Prior to the decision in ACA Int’l, the district court held that Textmunication was not an ATDS because it lacked the present or potential capacity “to store or produce telephone numbers to be called, using a random or sequential number generator” and granted summary judgment for Crunch.  Marks appealed the decision, and following his appeal, ACA Int’l was decided.  The Ninth Circuit then reversed, holding that a system could be an ATDS if it has the capacity to store a list of numbers and call those numbers automatically, even if the system does not have the ability to generate random or sequential lists of numbers.  In doing so, the Ninth Circuit first reviewed the statutory definition of ATDS as set forth by Congress in 1991 and determined that the provision is ambiguous, and, accordingly, that it was appropriate to look to the context and structure of the statutory scheme.  The Ninth Circuit found that Congress intended to regulate devices that make automatic calls, including those devices that make automatic calls from lists of recipients, rather than utilizing a random or sequential number generator.  The Ninth Circuit rejected Crunch’s argument that because the system was not fully automatic, it did not qualify as an ATDS, holding that Congress had been clear that it was targeting equipment that could engage in automatic dialing rather than equipment that operated without any human oversight or contact.  The Ninth Circuit remanded the matter back to the district court for further proceedings.

In addition to the Ninth Circuit, several other courts have discussed the effect of ACA Int’l on the definition of ATDS:

  • In Gonzalez v. Ocwen Loan Servicing, LLC, the Court concluded that a predictive dialer that lacks the capacity to generate random or sequential telephone numbers and dial them, but it does include a predictive dialer that has the “present ability” to do so.
  • In Washington v. Six Continents Hotels, Inc., the Court agreed that ACA Int’l set aside not only the FCC’s 2015 ruling but also the FCC’s historic treatment of which devices qualify as an ATDS. 16-3719, 2018 WL 4092024, at *3 (C.D. Cal. Aug. 24, 2018)  The Court then determined that the complaint adequately alleged the use of an ATDS by claiming that the defendant “acquired Plaintiff’s number, stored it in a database connected to its telephonic or computer system . . . [the system] . . . has the capacity to generate random numbers . . . has the capacity to generate sequential numbers . . . [and] has the capacity to store and dial the random or sequential numbers it generates just like it stored and dialed Plaintiff’s number.”  Id.

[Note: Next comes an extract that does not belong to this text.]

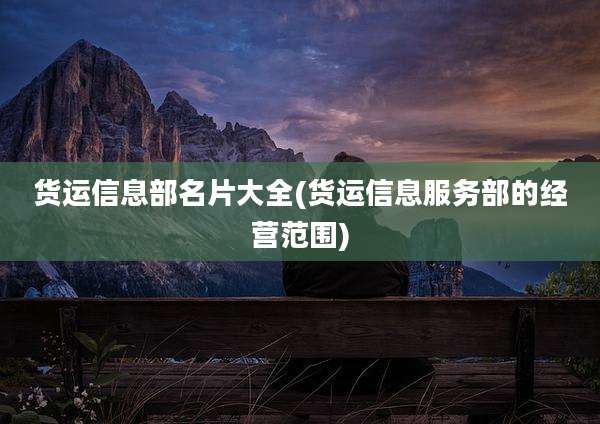 货运信息部名片大全(货运信息服务部的经营范围)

  • In Heard v. Nationstar Mortg. LLC, the Court held that a system that could and did store customer information for at least 24 hours and did not have the capacity to store or produce telephone numbers to be called using a random or sequential number generator fell within the definition of ATDS. 16-694, 2018 WL 4028116, at *5-6 & n.2 (N.D. Ala. Aug. 23, 2018).
  • In King v. Time Warner Cable Inc., the Second Circuit determined that qualification as an ATDS was limited to those devices that were “capable at the time of use” of performing the functions of an autodialer, absent any modifications to the device’s hardware or software. 849 F.3d 473, 476–77 (2d Cir. 2018).
  • In Dominguez ex rel Himself v. Yahoo, Inc., the Court held that, absent any evidence that the device had the capacity to generate random or sequential telephone numbers and dial those numbers, the plaintiff failed to show that the text messaging system was an ATDS in light of ACA Int’l. 894 F.3d 116, 119 (3d Cir. 2018).

Given the split among courts on how to interpret ATDS, uncertainty will continue to prevail until there is additional clarification, either from the Supreme Court or the FCC.  The FCC has requested further comment from the public regarding the interpretation of the TCPA in light of this decision.